ざっくり言うと、ABA(応用行動分析学)を用いて『相手がどうしてその行動をとっているのか』『どうしたらその行動が変わる/なくなるのか』を探っていく本です。

  • 著者の村本 浄司さんてどんな人?

以下巻末著者紹介より引用。

東京福祉大学社会福祉学部社会福祉学科講師。筑波大学大学院修士課程教育研究科障害児教育専攻、その後のつくば大学大学院博士課程人間総合科学研究科において応用行動分析学と自閉症児への臨床を学び、博士(行動科学)を取得。その後、知的障害者総合援護施設茨城県立あすなろの郷で研究員として「強度行動障害のある人への支援法」について後進の育成と実践研究を重ねる、2014年より現職。

施設職員ABA支援入門より(著:村本浄司 出版:学苑社)

【ココが大事!】この本のおすすめポイント【支援に悩んでる人向け】

おすすめポイント:強度行動障害を持つ人へのアプローチ方法がわかる

知的障がい者の支援において、現場支援員が一番頭を悩ませているのは『強度行動障害を持つ人への支援』です。

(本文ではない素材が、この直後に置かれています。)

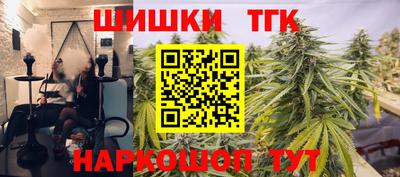 гидра Будённовск
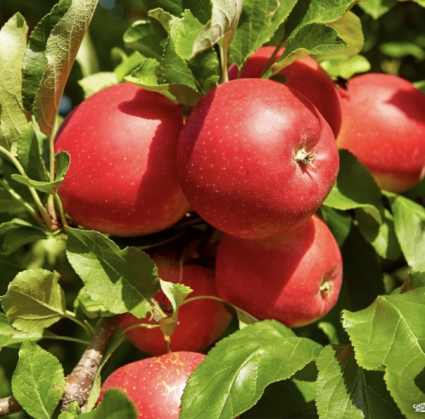 McIntosh Espalier Apple Tree 1.5"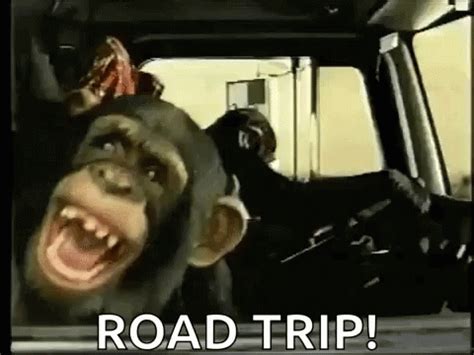 Monkey Road Trip GIF - Monkey RoadTrip - Discover & Share GIFs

強度行動障害とは…激しい自傷や他害、こだわり、睡眠の乱れ、異食、物壊し等が頻発する事。

頻発、というように一度二度では終わらないです。発生の都度対処していかなければなりません。

昼夜も状況も問わず発生する『問題』とその『対処』に追われ、疲弊し、支援困難になる状態を幾度となく見て来ましたし、私自身も体験しました。

この本にはそう言った方々へどう支援すればいいのか、支援員がなにを心掛け、行動すればいいのかが書いてあります。

【新人でも活用できる】すぐに取り組める内容はどのあたり?

  • まず【支援者が心がけておくべきこと(P42)】を読みましょう

利用者のとった行動について考える時は”観察可能な客観的に見える行動のみを考えるべきであって、その人の内面である性格や心の中についてはとりあえず横に置いておく”べきだと本には書かれています。

AさんがBさんを叩いた、という行動から「AさんはBさんのことが嫌いだったんだ」「Bさんの声がうるさかったから気に障ったんだ」「Aさんはただ憂さ晴らしがしたかっただけ」など、行動の原因を「その人のこころにある」とは考えないようにしましょう、という事です。

当人以外に正解はわからないからです。

むしろ支援員の決めつけによって支援の判断を誤り、問題が解決するどころか悪化する場合もあるでしょう。

AさんがBさんを叩いた、という事実だけをとらえ、記録しましょう。まずはそこからです。

  • ところで、どうしていきなり本の途中から読むの?

この本は初心者向けです。それは間違いないです。

イラストが多く、具体的な支援事例も載ってます。現状、これ以上わかりやすい本は無いのではないでしょうか。

けれども、やっぱり、難しい

新人さんに『これとてもいいから読んでみて』と渡すには難しい。

そもそも応用行動分析学って単語がすでに難しい。なのでこの本を読んで『わかりやすい!』『こんなことが知りたかった!』と思う人はたいてい、【強度行動障害支援者養成研修 基礎研修】を受けた中堅以上の人なのではないでしょうか。

同じ研修を受けていても新人、あるいは日中の支援にあまり関わらない夜勤専任の支援員は研修の感想を聞いても『よくわからなかった』と話していました。

なので、手っ取り早くこの本が【有用だ】と思ってもらえるところから順に紹介しています。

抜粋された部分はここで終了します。